WEDDING PHOTOGRAPHY TIPS


AS PUBLISHED IN "THE PEOPLES' POST" NEWSPAPER DURING 2009

Weddings and Photography! - tip number 1.

This is a big question! Best left to a reputable professional photographer, the most important aspect is the professional relationship and understanding between the couple and their photographer.

Pre-wedding meetings are essential and I like to suggest an informal “engagement” shoot at a relaxed venue at least a week before the wedding.

Brides are advised to check the what exactly is included in their wedding shoot packages. It's a case of horses for courses.
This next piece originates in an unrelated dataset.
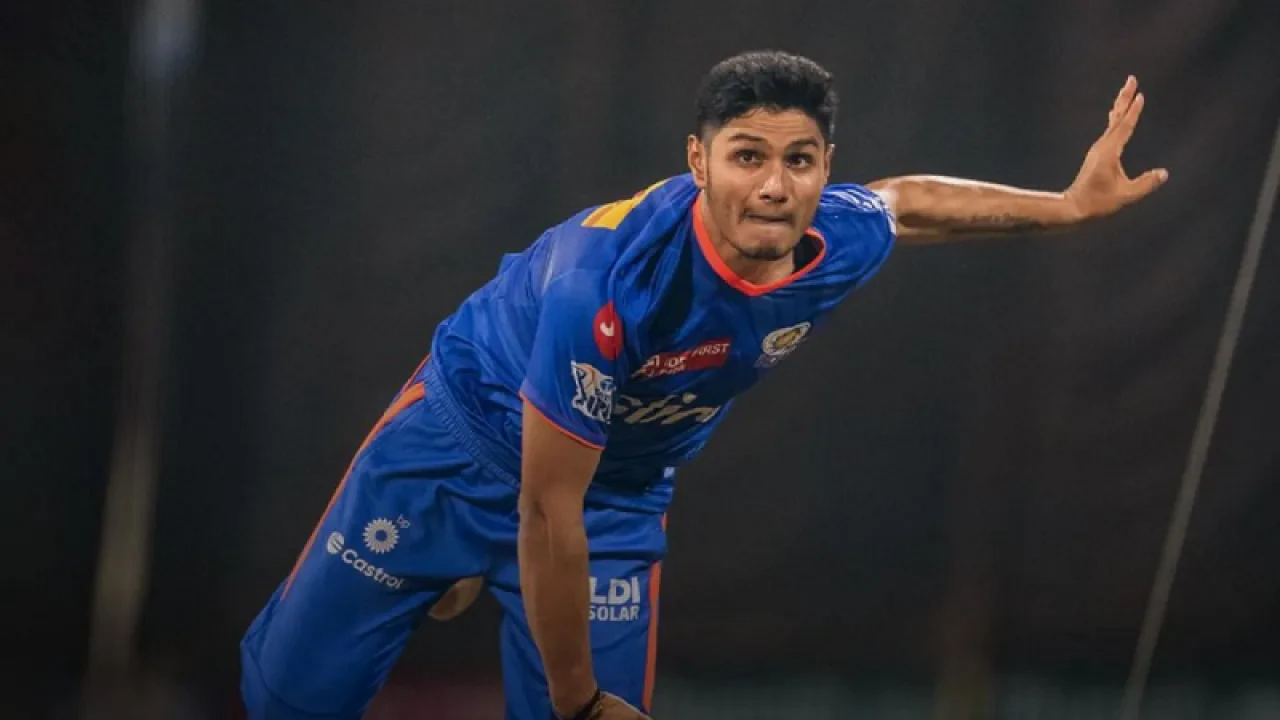 ভারতীয় ক্রিকেটারকে খুঁজছে পুলিশ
However, it is best to ensure that your precious Rands are spent on a solid reliable photographer with decent equipment first, before the gimmicks.

A number of suppliers these days rely heavily on fixing errors and adding special effects afterwards using the computer – so called “photoshopping”. This can lead to long delays, sometimes up to 4 weeks or longer, in finished work being delivered to the happy couple.

Best clear this upfront before paying your deposit.

More Weddings and Photography! Tip Number 2

What to do if we can't afford a big wedding shoot? The cheapest approach is an all-digital shoot, preferably professional. Prints and enlargements can always be done later, but it is important that the actual photography is as professional as possible.

If you simply have to use a favourite aunt or uncle to take pics, here are some tips:

  • Make sure that they shoot from the best possible position and that they shoot at the highest possible digital resolution their camera can do.
  • If they are using film, ask them to use quality film and even a roll of black and white film for closeups of the couple.
  • Rather shoot off too many photos than too few.
  • Watch the lighting situation and remember to use flash!
  • Ask the person with the camera to break away with bride and groom for some personal pics right after the ceremony. Avoid crowds.
  • Be aware of the background in the photo. Ask the photographer to take a few shallow depth of field shots (more later).
  • Finally, have a backup person with a second camera.